Repeat everything in the data exactly except images.

#### [Collected data]
++++++++++++++++++++
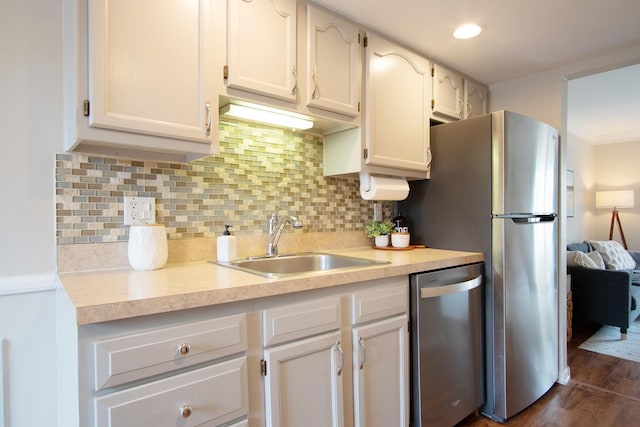 kitchen with appliances with stainless steel finishes, light countertops, a sink, and decorative backsplash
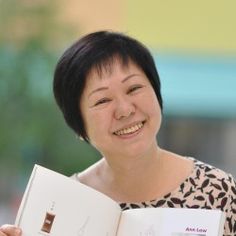 a woman holding an open book in her hands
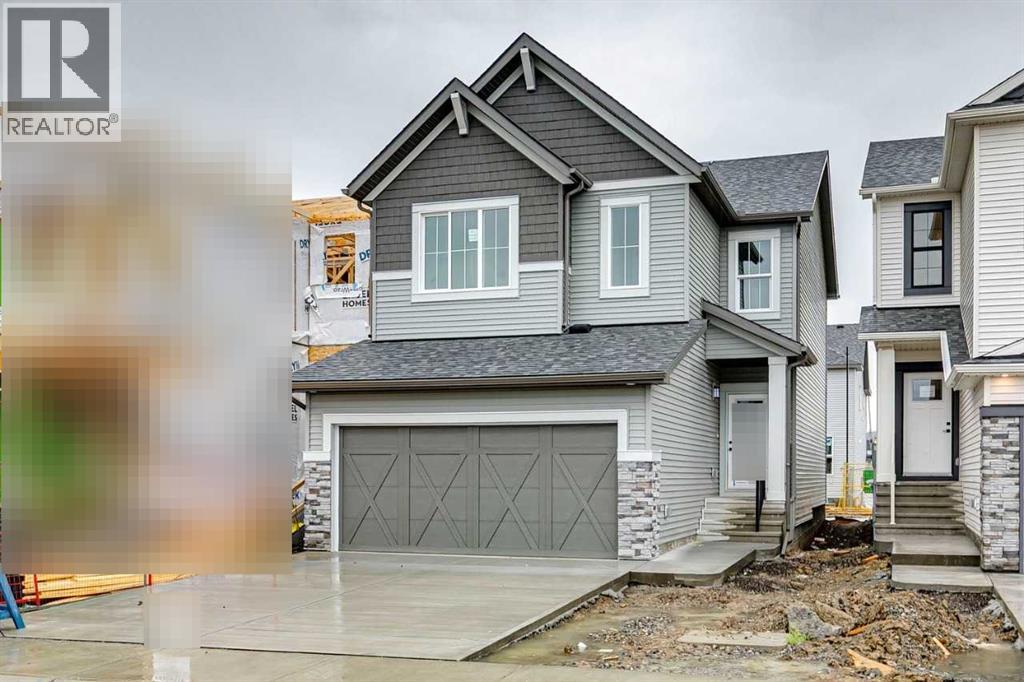 109 Creekstone Place SW, Calgary, Alberta  T2X 4Y3 - Photo 1 - A2290725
++++++++++++++++++++
#### [Reply]
 kitchen with appliances with stainless steel finishes, light countertops, a sink, and decorative backsplash
 a woman holding an open book in her hands
 109 Creekstone Place SW, Calgary, Alberta  T2X 4Y3 - Photo 1 - A2290725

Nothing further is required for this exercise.